Work instructions =>
From the first line of the listing, copy each line exactly until you have included the line with "Montreal Snow Forecast"; leave out the pictures.

Given material =>
□ □ □

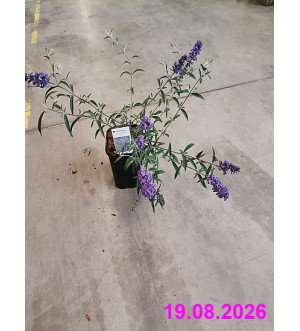 Buddleja dav. 'Nanho Blue' C 1,4 L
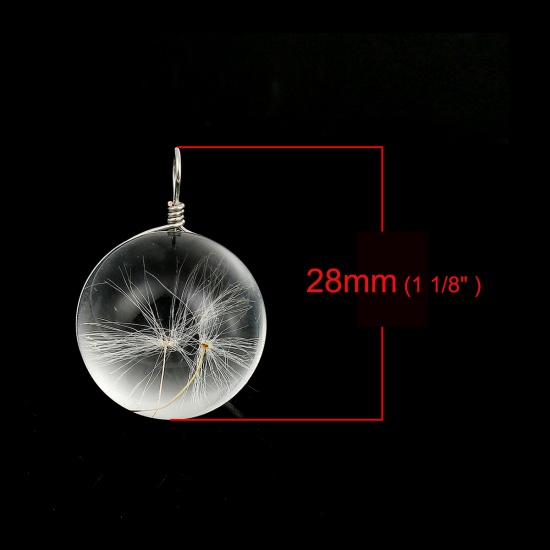Picture of Real Dried Flower Transparent Glass Globe Bubble Bottle Charms Dandelion White 28mm(1 1/8") x 20mm( 6/8"), 2 PCs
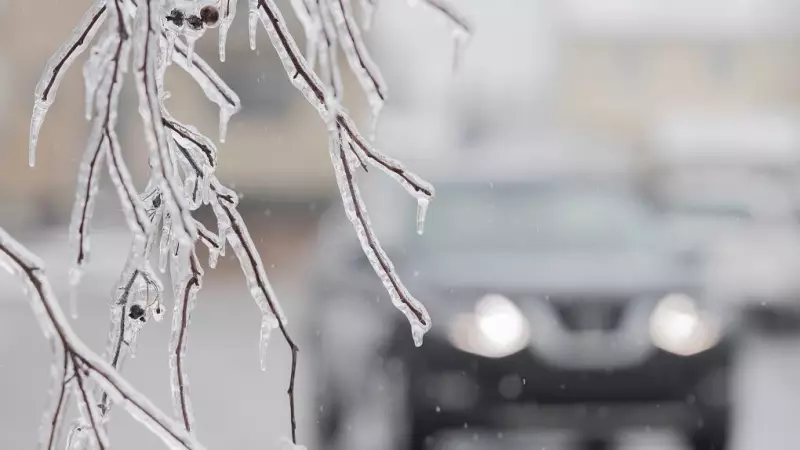 Montreal Snow Forecast Shifts to Freezing Rain Risk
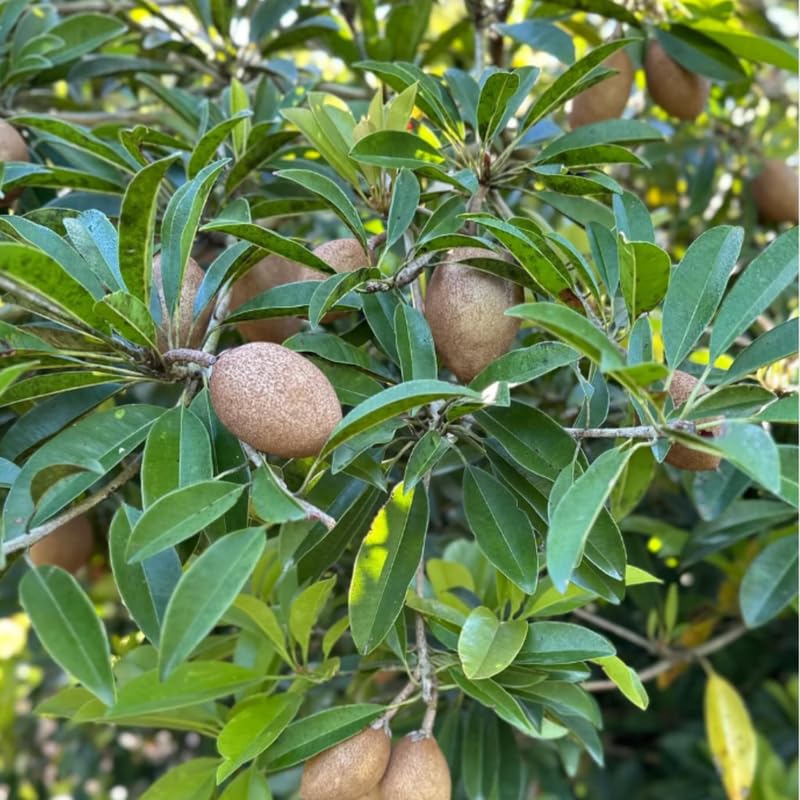 Sapodilla Fruit Tree Live, Garden Ready Tropical Plant for Home and Outdoor Growing, 2-3 Ft Height in 3 Gallon Pot, No Ship to CA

□ □ □

Answer to the problem =>
 Buddleja dav. 'Nanho Blue' C 1,4 L
Picture of Real Dried Flower Transparent Glass Globe Bubble Bottle Charms Dandelion White 28mm(1 1/8") x 20mm( 6/8"), 2 PCs
 Montreal Snow Forecast Shifts to Freezing Rain Risk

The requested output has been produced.